Sehr erfreulich ist die Qualität der Übersetzung von Annemarie Hafner. Scheinbar mühelos ist es ihr gelungen, den Sprachwitz und Rhythmus, aber auch die melancholischen Töne des Originals ins Deutsche zu übertragen. Dabei vermittelt sie zugleich ein Gespür für die Eigenart und Eigenständigkeit des indischen Englisch als Literatursprache. Ein sorgfältig zusammengestelltes Glossar hilft beim Verständnis der im Text beibehaltenen Hindi-Redewendungen und unterstützt seine Lebendigkeit.

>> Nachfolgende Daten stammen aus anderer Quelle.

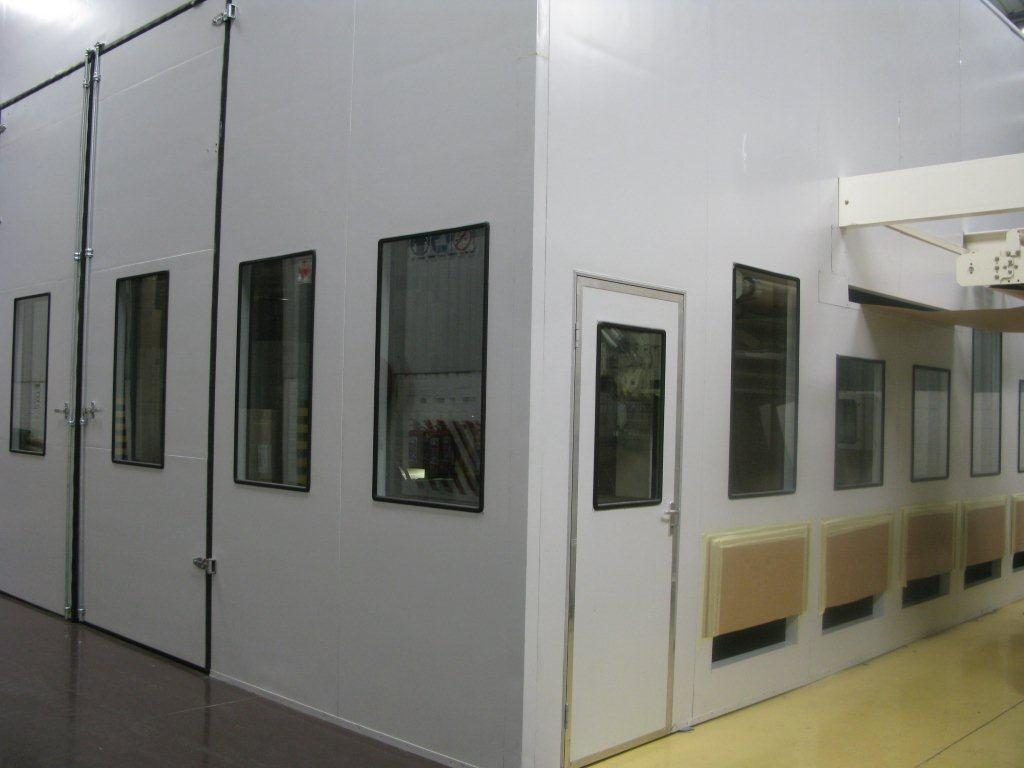 Large enclosed spray booth with observation windows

"Großmutters Tempel" empfiehlt sich sowohl für "Neueinsteiger" als auch all jene, die ihre Begeisterung für die zeitgenössische indische Literatur noch weit über die zurückliegende Frankfurter Buchmesse hinaus am Leben erhalten möchten.


Zur Autorin

Namita Gokhale wurde 1956 in Lucknow geboren und wuchs in Nainital und Delhi auf. Ihre Identität und Sicht auf das Leben sieht sie maßgeblich durch ihre Herkunft aus der Himalaya-Region Kumaon geprägt. Unter anderem arbeitete sie als Filmjournalistin und gab Ende der 1970er Jahre zusammen mit ihrem verstorbenen Mann, Rajiv Gokhale, das Filmmagazin Super heraus. Ihr erster Roman Paro: Dreams of passion (1984 veröffentlicht) verursachte durch seine expliziten sexuellen Darstellungen einen Skandal in Indien. Die weibliche Sexualität aus der Sicht einer Heranwachsenden spielt auch in ihrem 1994 veröffentlichten Roman Gods, Graves and Grandmother eine, wenngleich untergeordnete Rolle. Eine Bühnenadaption des Romans wurde 2005 mit großem Erfolg in Delhi aufgeführt. Gokhales breit gefächertes literarisches Werk umfasst daneben auch einen Band mit essayistischen Studien zum Hindu-Gott Shiva (The Book of Shiva, 2001) sowie eine Sammlung mündlich überlieferter Porträts von älteren Frauen aus Kumaon (Mountain Echoes, 1998). 2007 wird in englischer Sprache ihre Neuerzählung des altindischen Epos Mahabharata für junge Leser erscheinen. Publizistisch ist Gokhale 2000 im Rahmen der Kontroverse über eine Anti-AIDS-Kampagne im Bundesstaat Uttaranchal (umfasst die Bergregionen Kumaon und Garhwal) in Erscheinung getreten.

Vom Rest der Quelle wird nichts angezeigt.